Nationwide, Nevada has one of the highest HIV diagnoses with 16.6 positive diagnoses per 100,000 people. With one of the highest rates of diagnoses in the country, Nevada is becoming one of the first states allowing pharmacists to prescribe HIV prevention drugs to those patients at risk of contracting the virus.
On June 6, 2021, Governor Steve Sisolak signed a bill authorizing pharmacists to prescribe and administer HIV prevention drugs, beginning October 1, 2021, which includes post and pre-exposure prophylaxis, without a prescription. Patients will now be able to walk into a pharmacy, speak with a pharmacist about HIV and their risk, and obtain medication to reduce their risk.
When a person is infected with HIV, they have it for life. The human body is unable to fight off the virus, it can however be controlled and the progression of the disease can be slowed. Over the past 10 years, the Food and Drug Administration (FDA) has approved drug therapies for those at risk of becoming infected, including Truvada and Descovy. Truvada can reduce the risk of infection and is recommended for all adults and adolescents at risk through either sex or injection drug use. Descovy is recommended for a smaller group of people and is being evaluated for effectiveness in preventing infection through vaginal sex.
Expanding access to options for prevention, especially since there are not enough doctors available to help individuals, is important in supporting the LGBTQ+ community of Nevada and providing health care across the state.

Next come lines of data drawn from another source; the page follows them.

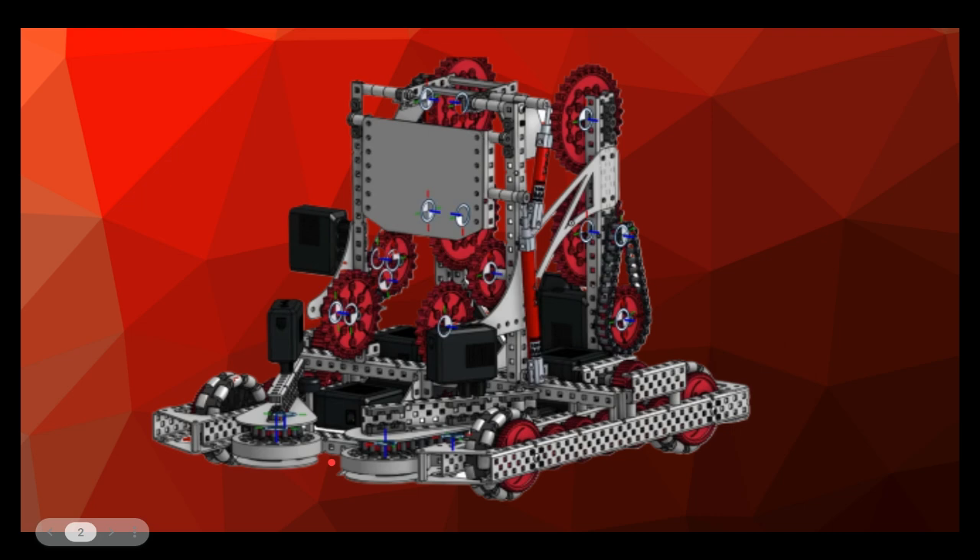Basically, what you use the side rollers for is to clear all the blocks from the match loader, and that's great — that could definitely work — but there's a problem: it's going to be slow. It's going to be slow at getting those match loader blocks up, and it's also going to be a bit slow at actually picking the blocks off the ground. That's what you all should stray away from. Do not use these roller intakes.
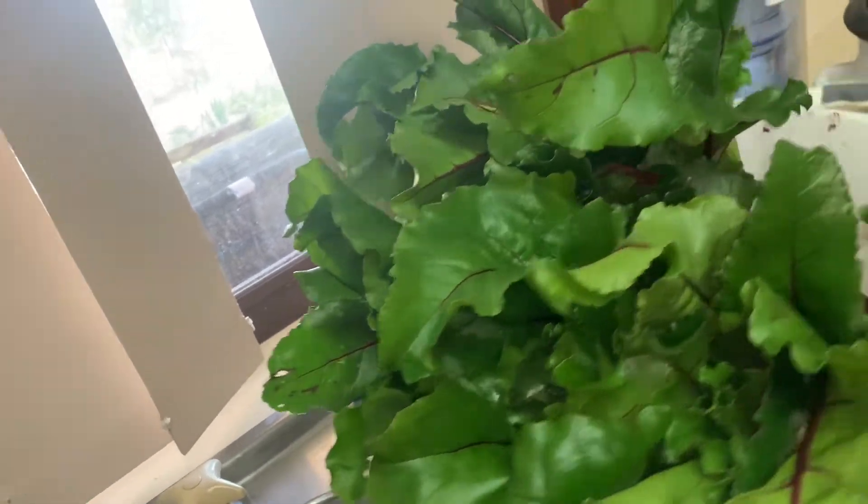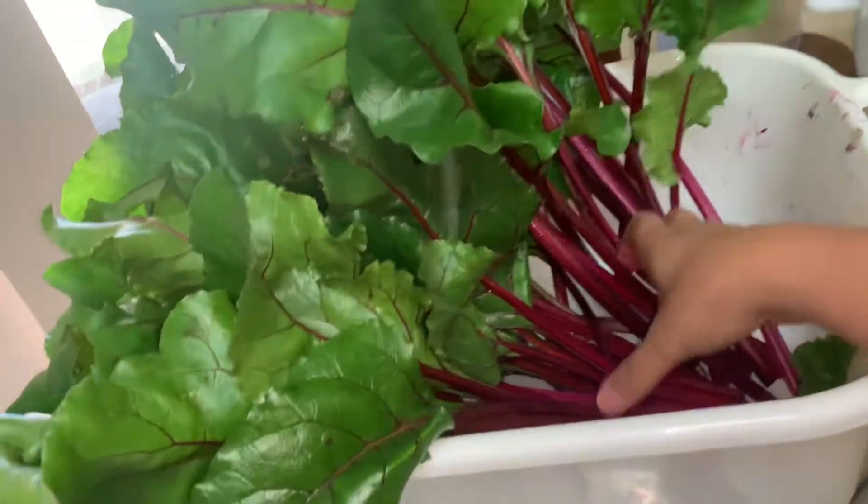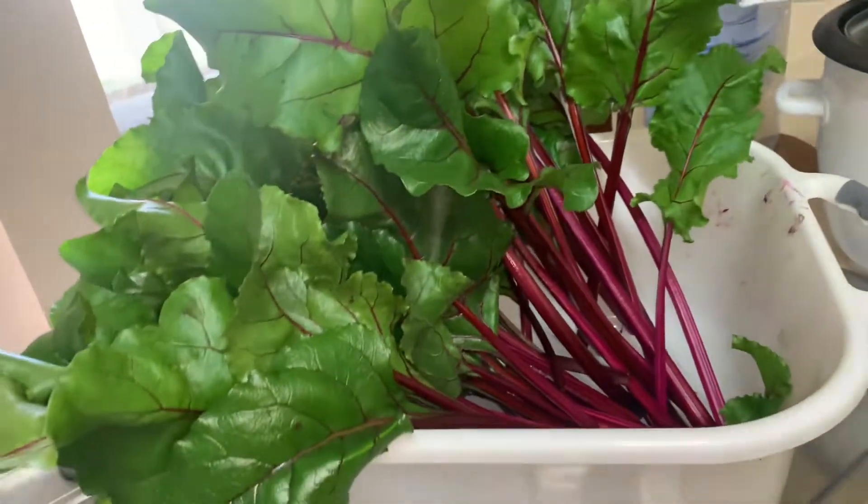Patutuyuin ko ang dahon at stem ng beetroot. Dahil edible siya, pwede ko siyang ihalo sa aking lutuin.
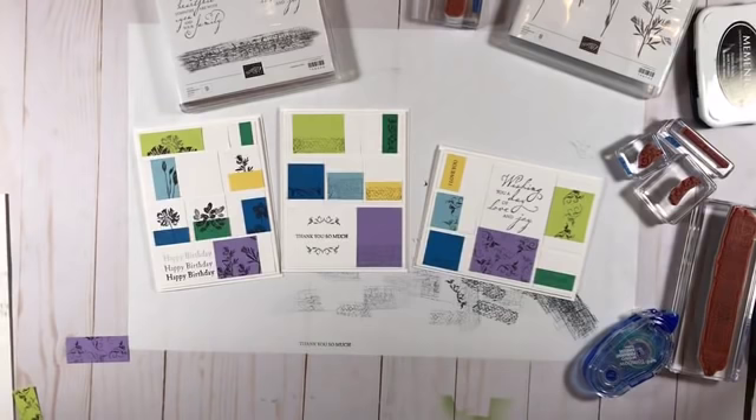I hope you guys enjoyed seeing that project. We'll come back and look at the piece of artwork that inspired these three projects. Doesn't that make a nice little trio of cards? The images in the original art piece were all foliage-type images — very delicate and line-drawn — which is what made me think of using these stamp sets since the images are a little more delicate.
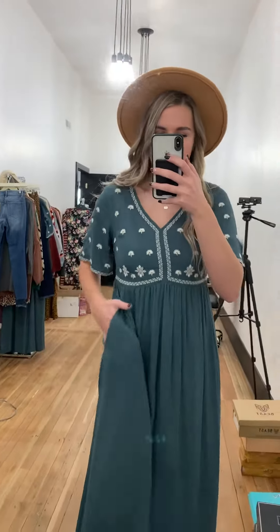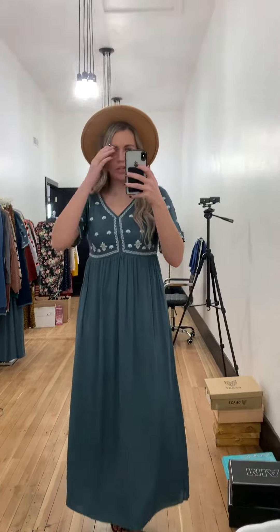Also, this has pockets, which is so nice for dresses, especially maxi dresses. This dress is really perfect for the winter, for the spring, for the summer — really it's a year round dress.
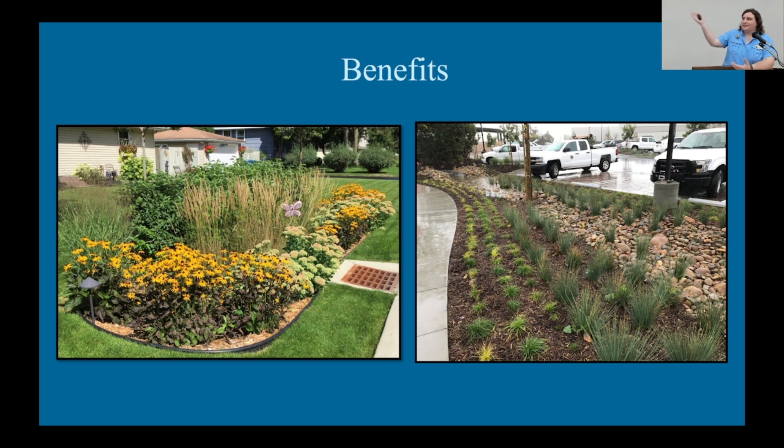On top of all that, rain gardens look really nice. As you can see in that photo on the left, it's a beautiful area. They can add greenery to an urban space that doesn't have any, or complement an already lush landscape.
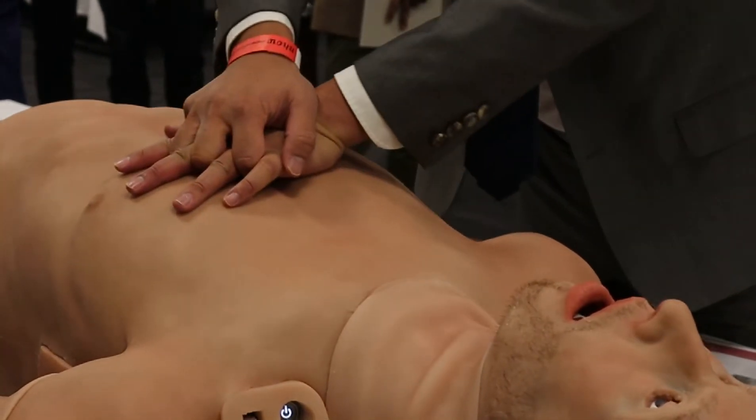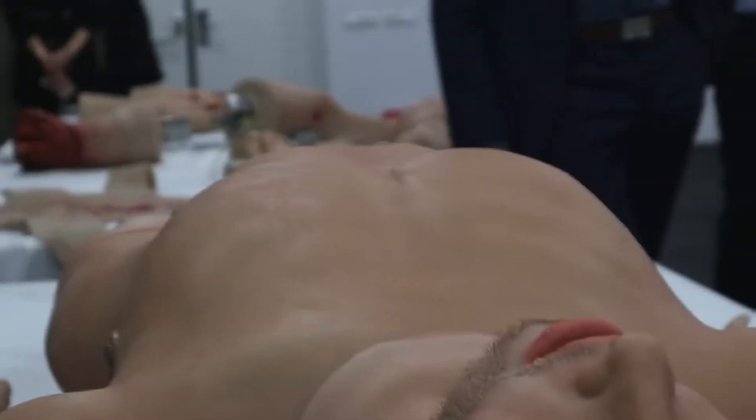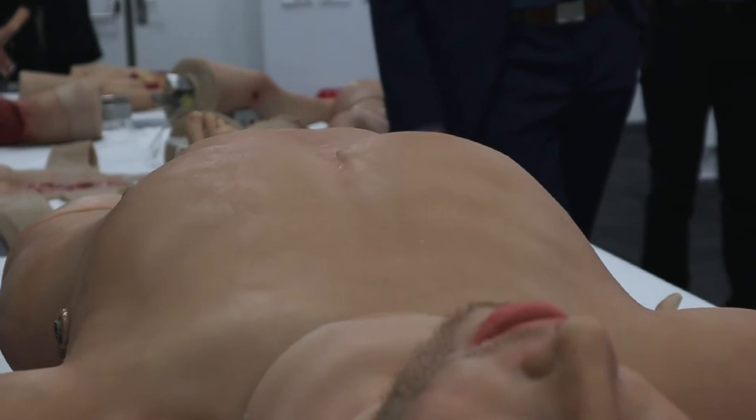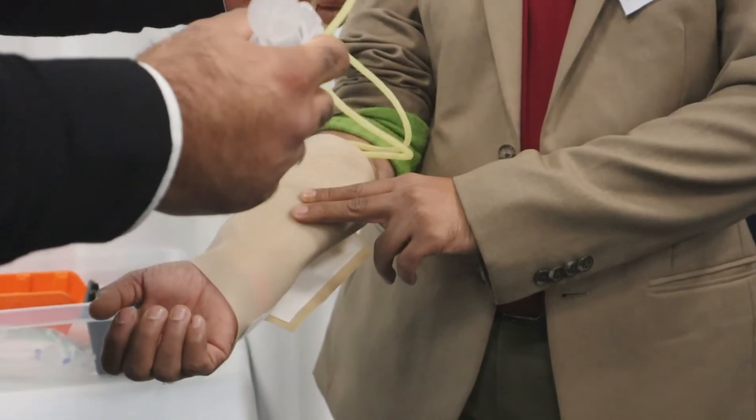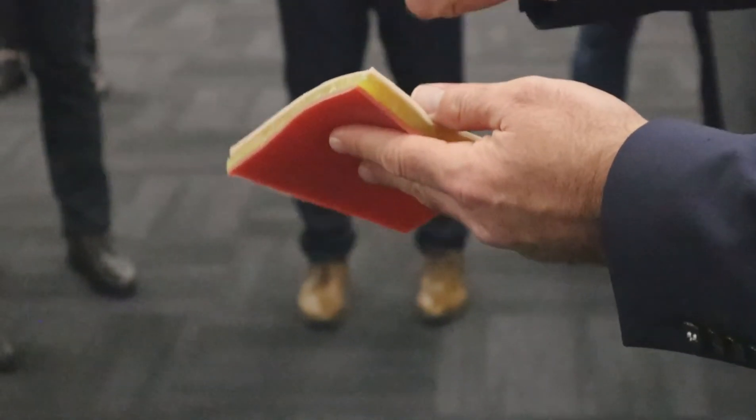It's quite impressive — you feel the bone structure, you feel the flesh structure, and there's a skin around it. It is silicon as well, but we reinforce it so that it is possible to make the surgeon feel like a real patient.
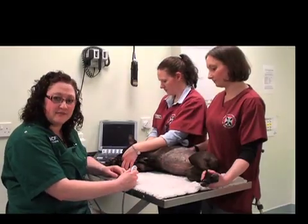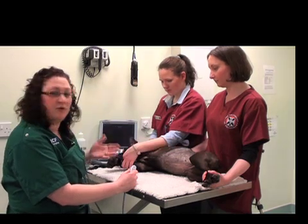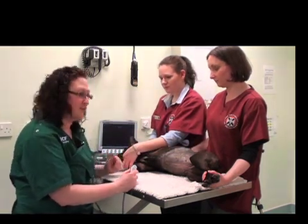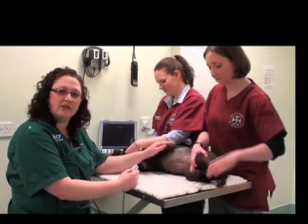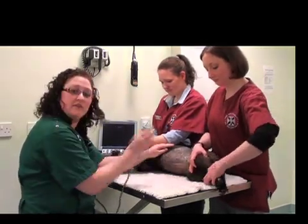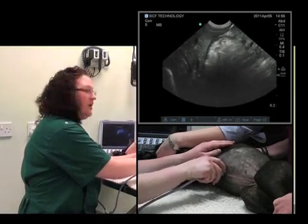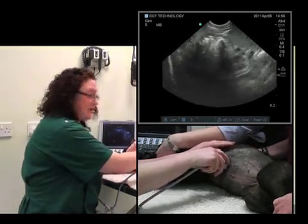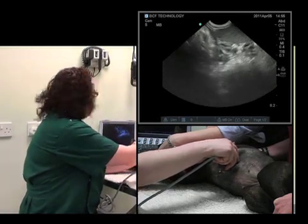Now we'll proceed on to the spleen. The way we'll do this is we'll start off by finding an organ that we know, which we've just found the liver, so that's a good place to start. We'll start at the level of the xiphisternum in the sagittal plane, and slide along the level of the ribs, and the spleen starts to come into view.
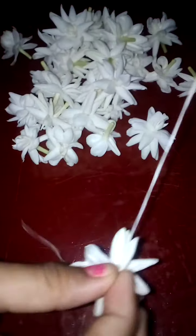Let's count how many flowers we have altogether. There are totally 61 jasmine flowers. Let's divide them equally — 30 and 30 — with one left over for me.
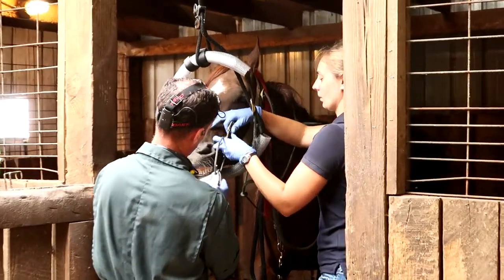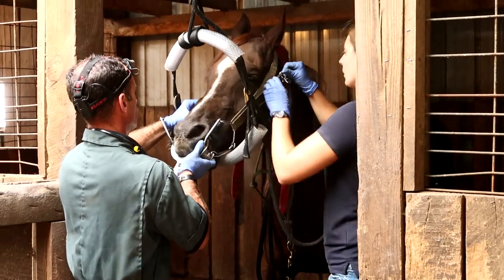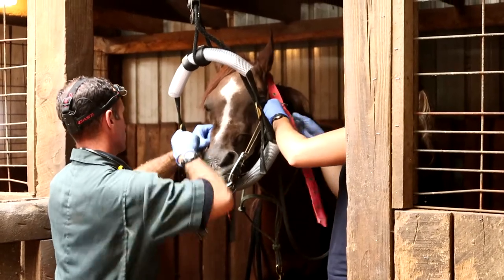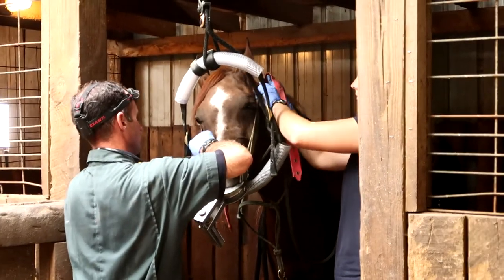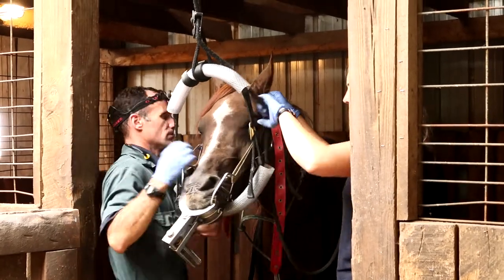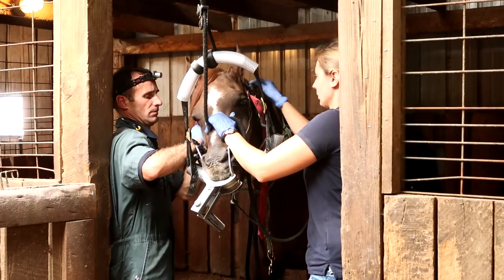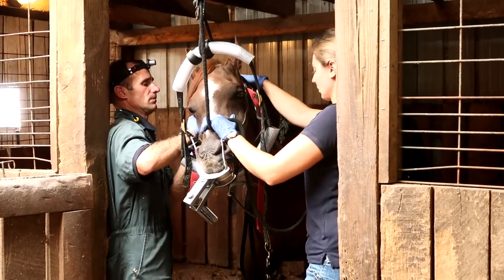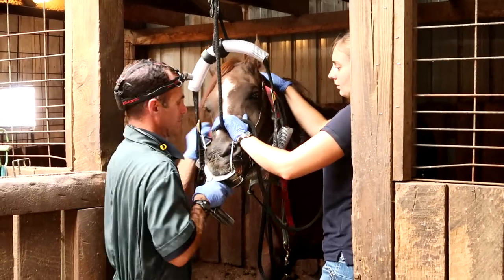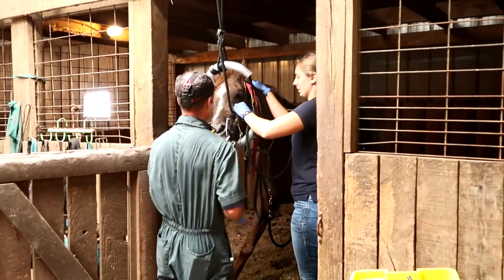The little piece of equipment that Dr. Scott is putting in Tino's mouth here is called a speculum. Basically, it's a device that allows him to have a place to rest his front teeth and it keeps his mouth open, so Dr. Scott can look or feel around his mouth without having to worry about getting bit or Tino chomping down on him. It's kind of the same thing as when you go to the dentist and they put that block in your mouth so that it stays open.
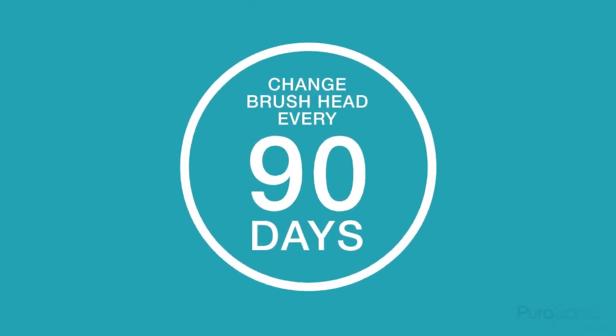If you do see the bristles get discoloured from makeup over time, don't get too worried as this won't affect the performance of your Purisonic. You should however change your brush head every 90 days.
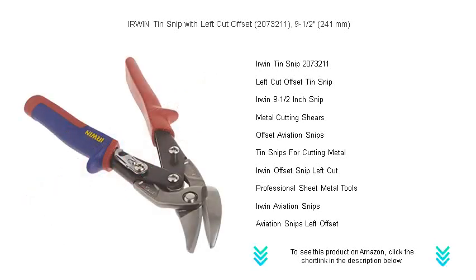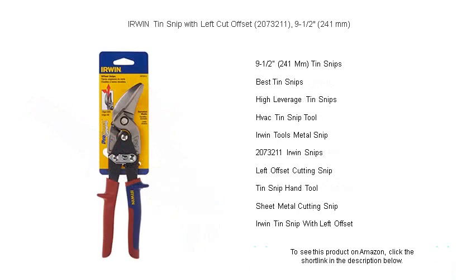The ergonomic ProTouch grips ensure comfort and reduce hand fatigue, allowing you to work longer with less strain. Crafted from industrial-grade steel with hot forged edges, these snips stay sharper, longer.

Pharmacists can assist patients in dealing with pre-exposure to immunodeficiency and post-exposure. The hope is that this wide-reaching public health effort will help to reduce the high transmission rate in the state. The ease of access in getting the medication from a neighborhood pharmacy will eliminate not only the stigma of first going to a primary care provider but also provide the crucial 72-hour window of early treatment.
The bill requires the State Board of Pharmacy to develop protocols for pharmacists to also conduct or order laboratory tests to determine whether the medication is appropriate, ultimately leading to a quicker turnaround in treatment. It’s important that the regulations and protocols being developed as well as the insurance liability does not prevent a pharmacist from administering the medication, so the State Board will hold public hearings to gather feedback.
A concern, in reducing the cases of HIV, will be the high cost of the medication. Insurance and federal and state programs can help reduce costs but the bill, SB325, requires that public and private health care plans cover the cost of the medication, the costs of laboratory and diagnostic procedures, and reimbursing pharmacists for testing and prescribing in the same manner as primary care providers are reimbursed.
Most people are unaware of the financial options available for patients with HIV. Gilead, the pharmaceutical company that manufactures Truvada and Descovy, has a program – Advancing Access – that provides coupon cards to patients who are eligible for financial assistance for their copays. They also announced plans to donate Truvada annually to the CDC for uninsured Americans at risk for HIV through 2030. The Department of Health and Human Services has a program – Ready, Set, PrEP – for patients without prescription drug coverage to obtain PrEP at no cost. And, pharmacists may also be unaware of these options.